II. LEGAL STANDARD The threshold for surviving a motion to dismiss for failure to state a claim under Federal Rule of Civil Procedure 12(b)(6) is a low one. Quality Foods de Centro Am., S.A. v. Latin Am. Agribusiness Dev. Corp., S.A., et al., 711 F.2d 989, 995 (11th Cir. 1983). A plaintiff must plead only enough facts to state a claim to relief that is plausible on its face. Bell Atlantic Corp. v. Twombly, 550 U.S. 544, 560–64 (2007) (abrogating the “no set of facts” standard for evaluating a motion to dismiss established in Conley v. Gibson, 355 U.S. 41, 45–46 (1957)). Although a complaint challenged by a Rule

12(b)(6) motion to dismiss does not need detailed factual allegations, a plaintiff is still obligated to provide the “grounds” for his entitlement to relief, and “a formulaic recitation of the elements of a cause of action will not do.” Berry v. Budget Rent A Car Sys., Inc., 497 F. Supp. 2d 1361, 1364 (S.D. Fla. 2007) (quoting Twombly, 550

U.S. at 545). In considering a motion to dismiss and evaluating the sufficiency of a complaint, a court must accept the well-pleaded facts as true and construe them in the light most favorable to the plaintiff. Quality Foods, 711 F.2d at 994–95. However, the court should not assume that the plaintiff can prove facts that were not alleged. Id. “Pro se pleadings are held to a less stringent standard than pleadings drafted by

attorneys and will, therefore, be liberally construed.” Tannenbaum v. United States, 148 F.3d 1262, 1263 (11th Cir. 1998). However, “this leniency does not give the court a license to serve as de facto counsel for a party or to rewrite an otherwise deficient pleading in order to sustain an action.” Gibbs v. United States, 865 F. Supp. 2d 1127, 1133 (M.D. Fla. 2012), aff’d, 517 F. App’x 664 (11th Cir. 2013) (internal citations

omitted). 1

1 The Court notes that “[a]lthough an unpublished opinion is not binding on this court, it is persuasive authority. See 11th Cir. R. 36-2.” United States v. Futrell, 209 F.3d 1286, 1289 (11th Cir. 2000). Where cited herein, any unreported decision of a panel of the Circuit is considered well-reasoned and is offered as persuasive, not binding. III. DISCUSSION a. The Motion to Dismiss is granted as to Plaintiff’s claims against the officers in their official capacities.

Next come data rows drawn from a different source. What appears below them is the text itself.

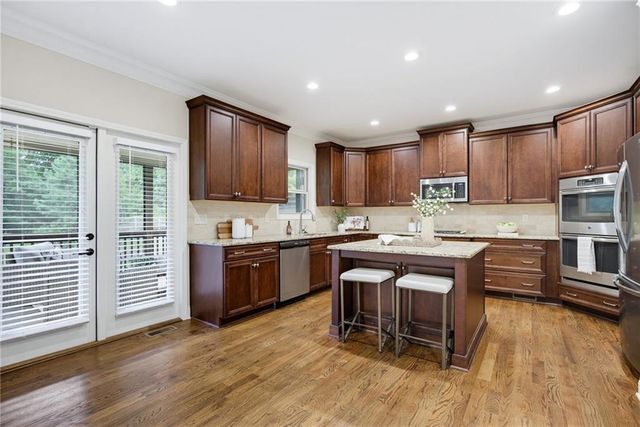 60 Amberlily Court, Dallas, GA 30132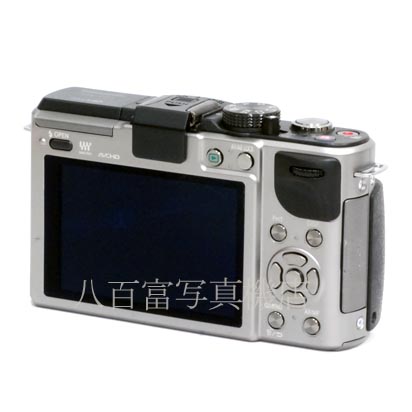 【中古】 パナソニック LUMIX DMC-GX1 シルバー ボディ Panasonic 中古デジタルカメラ 36025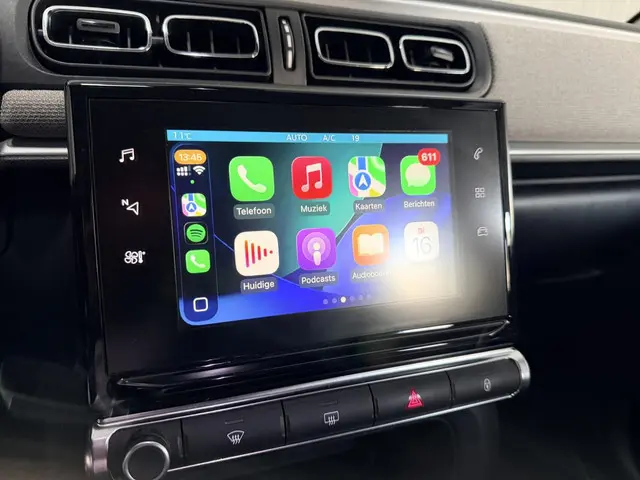 Citroën C3 1.2 Automaat, CarPlay S&S Shine 2017 Benzine 8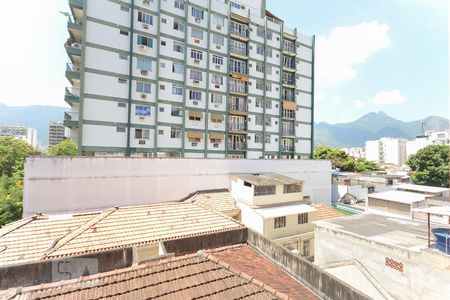 Vista suíte de apartamento à venda com 1 quarto, 45m² em Vila Isabel, Rio de Janeiro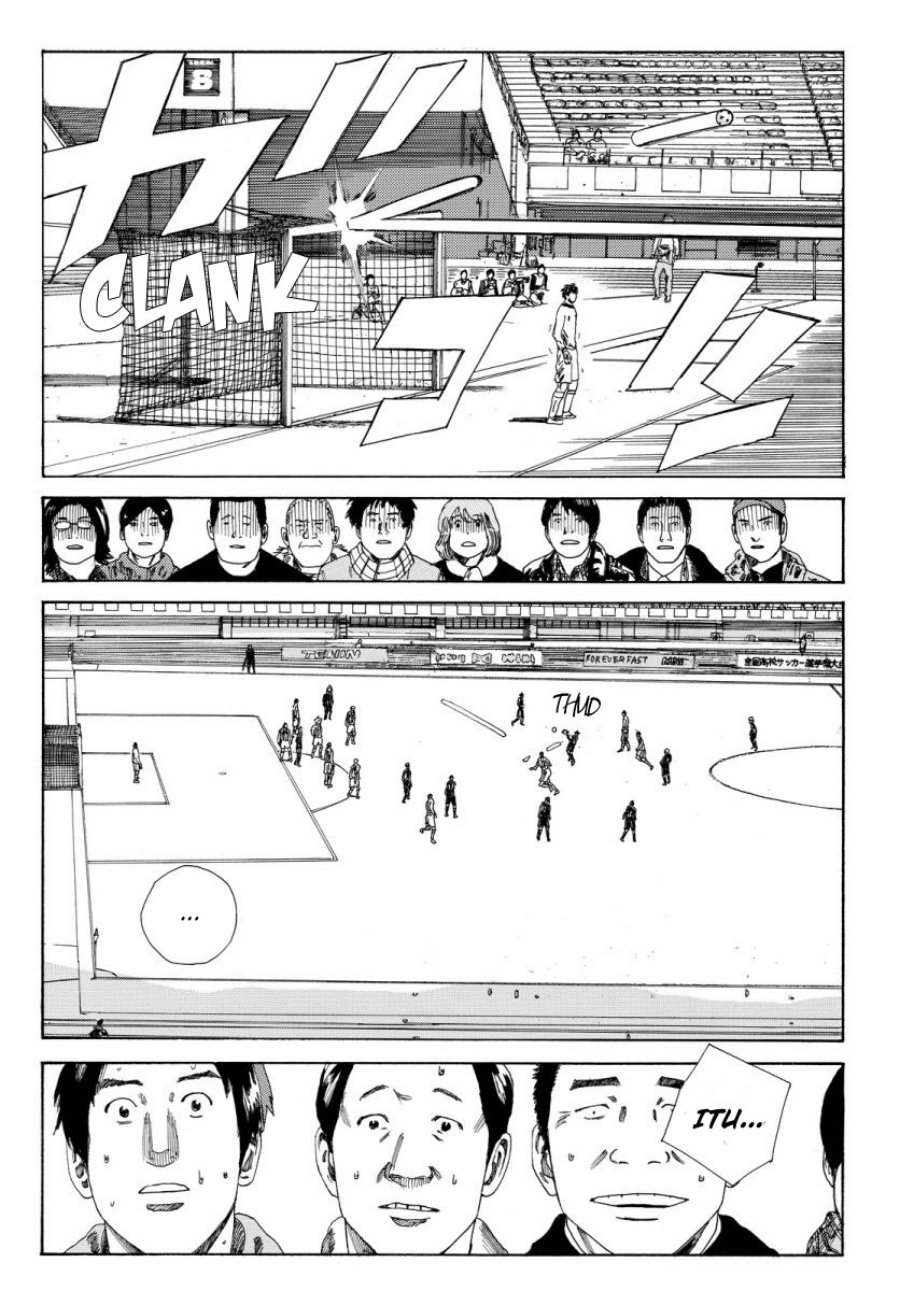Days Chapter 127 Gambar 18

Defendants argue that Plaintiff’s claims against Defendants Dreznin, Stoll, and Harper in their official capacities should be dismissed because they are duplicative of Plaintiff’s claims against the City of Sarasota. “[W]hen an officer is sued under Section § 1983 in his or her official capacity, the suit is simply another way of pleading an action against an entity of which an officer is an agent.” Busby v. City of Orlando, 931 F.2d 764, 776 (11th Cir. 1991) (citations and internal quotations omitted); Am. Humanist Ass'n, Inc. v. City of Ocala, 127 F. Supp. 3d 1265, 1273 (M.D. Fla.